The Vietnam Buddhist Sangha Central Committee (VBSCC) hosted a solemn ceremony in Hanoi on March 17 to commemorate the 1,000th death anniversary of Imperial Councillor Khuong Viet, the first supreme patriarch of Vietnamese Buddhism.
Present at the event were religious dignitaries, leaders of several ministries, agencies and Hanoi, and a large number of Buddhist monks and followers, who devoted a minute in remembrance of the deceased in the recent powerful earthquake and devastating tsunami in Japan .
Most Venerable Thich Thanh Tu, Permanent Vice President of the VBSCC’s Executive Council, said the ceremony was an occasion to recall the history and tradition of defensing the nation and guarding the people of Vietnamese Buddhism.

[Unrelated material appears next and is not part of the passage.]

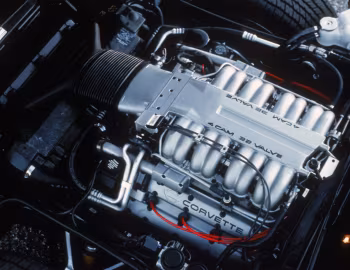 Bajo el capó 1990 Chevrolet Corvette ZR1 Sport Coupe (1YY07)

The dignitary expressed deep gratefulness for the care of the Party, State and Fatherland and the sympathy sharing of the people, which he said are great encouragement to the Buddhist Sangha on the path of serving Buddhist dharma and the nation.

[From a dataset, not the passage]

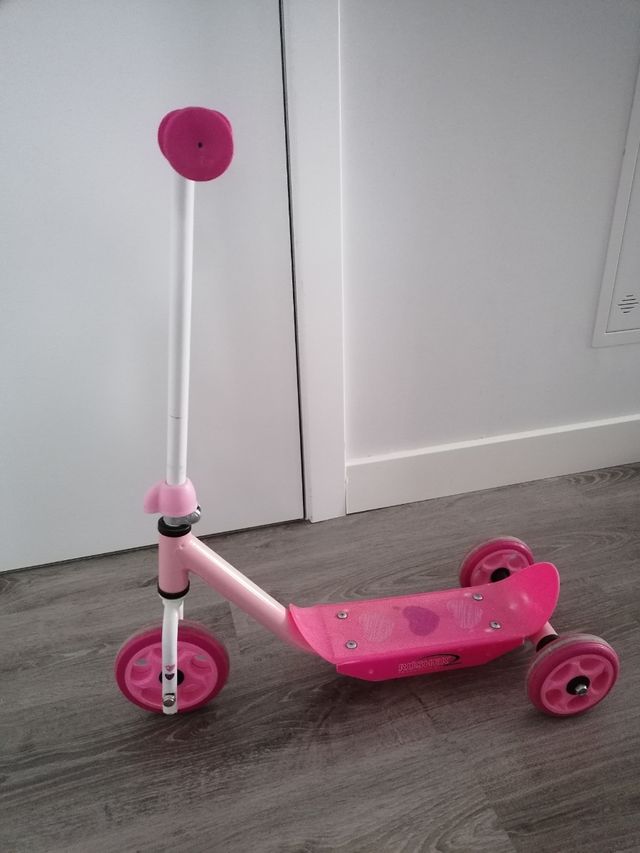 Patinete de 3 ruedas.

Over the past 2,000 years, Buddhist monks, nuns and followers throughout the country have always been active and trusted members of the great national solidarity bloc, contributing to building a strong and prosperous country.
Addressing the ceremony, Vice President of the Vietnam Fatherland Front Central Committee Ha Van Nui said the event was of profound significance and a chance for everybody to express respect and gratefulness to the Imperial Councillor’s great contributions to the nation as well as the development of Vietnamese Buddhism.

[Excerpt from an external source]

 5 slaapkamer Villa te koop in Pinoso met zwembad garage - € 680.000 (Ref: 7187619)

Most Venerable Thich Thien Nhon, Vice President and Secretary General of the VBSCC’s Executive Council, said Imperial Councillor Khuong Viet, real name Ngo Chan Luu, was born in 930 and once managed the Khai Quoc (now Tran Quoc) pagoda.
When he was 40 years old, Khuong Viet was invited to the royal palace by King Dinh Tien Hoang to discuss Buddhist and national affairs. He was appointed by the King as the supreme patriarch (the top position) of Vietnamese Buddhism and the Great Tutor a year later. Khuong Viet was then promoted to the rank of Imperial Councillor by King Le Dai Hanh.
The ceremony was followed with an incense offering ritual to pray for peace of the nation and people, and a requiem for the dead during the quake and its consequent tsunami in Japan .
Most Venerable Thich Thanh Tu also extended the sympathy and deep condolences to the Royal Family, Government and people of Japan over huge losses of humans and property during the recent quake and tsunami.
The participants and the Vietnam Buddhist Sangha also raised VND 50 million to support the disaster-affected Japanese people.